Sammer: Wir müssen erfolgsorientiert denken und gleichzeitig dem Spieler vermitteln, dass die Verantwortlichen beim DFB Ansprechpartner für ihn sind, die die persönlichen Belange nie außer Acht lassen. Die ungewohnte Erwartungshaltung erzeugt öffentlichen Druck und auf die Spieler brechen Dinge mit unglaublicher Wucht herein. Der Spieler muss sich dann uns und anderen Vertrauenspersonen öffnen können.

DFB.de: Kann dies bereits in der Trainerausbildung berücksichtigt werden?

Sammer: Auch hier wiederhole ich mich: Wir verlangen, dass Jugendspieler in der Entwicklungsphase gefordert, aber auch gefördert werden. Der Trainer muss dazu auch ein Pädagoge und Freund der Spieler sein. Dazu gehören neben Vertrauen auch Ehrlichkeit und Direktheit durch den Trainer.

DFB.de: Schauen wir in das WM-Jahr 2010. Was erwarten Sie?

Sammer: Wir müssen zusammenrücken und alles unserem Ziel unterordnen, Titel zu gewinnen.

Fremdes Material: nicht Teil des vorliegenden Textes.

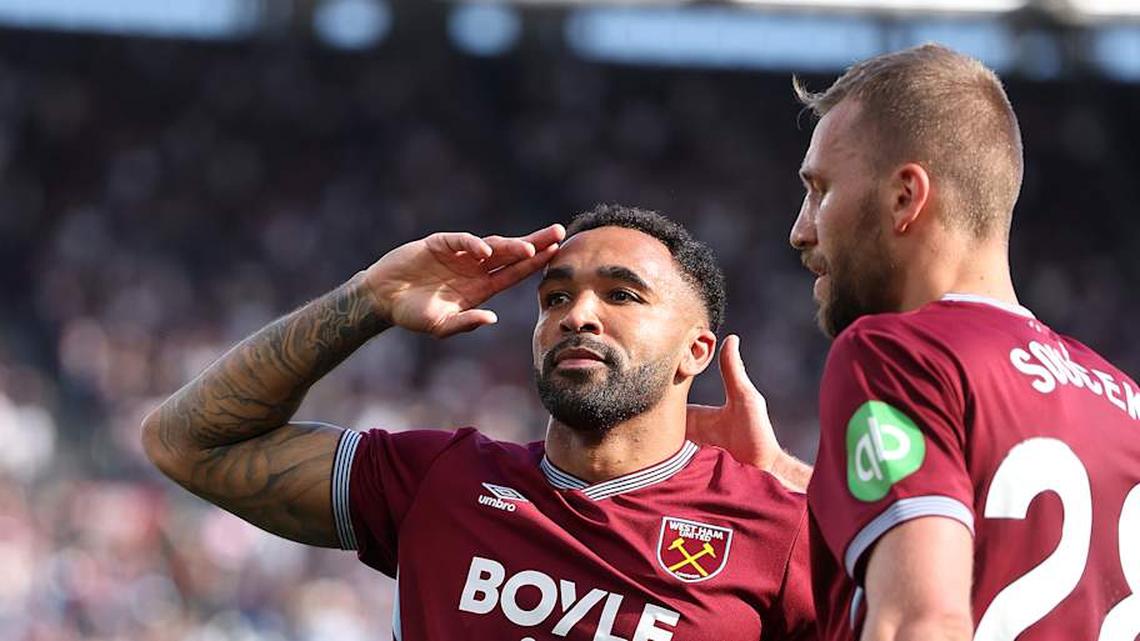  A late win for West Ham. | West Ham United FC/Getty Images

Die Nationalmannschaft ist unser Aushängeschild, von dem auch die Junioren-Teams des DFB sportlich und wirtschaftlich profitieren. Daher werden wir alles dafür tun, die sportliche Leitung um Bundestrainer Joachim Löw und Oliver Bierhoff als Manager zu unterstützen.

DFB.de: Und wie lauten Ihre Wünsche für 2010?

Sammer: Grundsätzlich wünsche ich mir Gesundheit für meine Familie und alle DFB-Mitarbeiter, damit wir mit unveränderter Energie daran arbeiten können, unsere Ziele zu verwirklichen. Sportlich wünsche ich mir, dass wir in Südafrika Weltmeister werden, dass unsere U 17 und U 19 den Sprung zur Endrunde schaffen und wir wieder einen Junioren-Titel holen.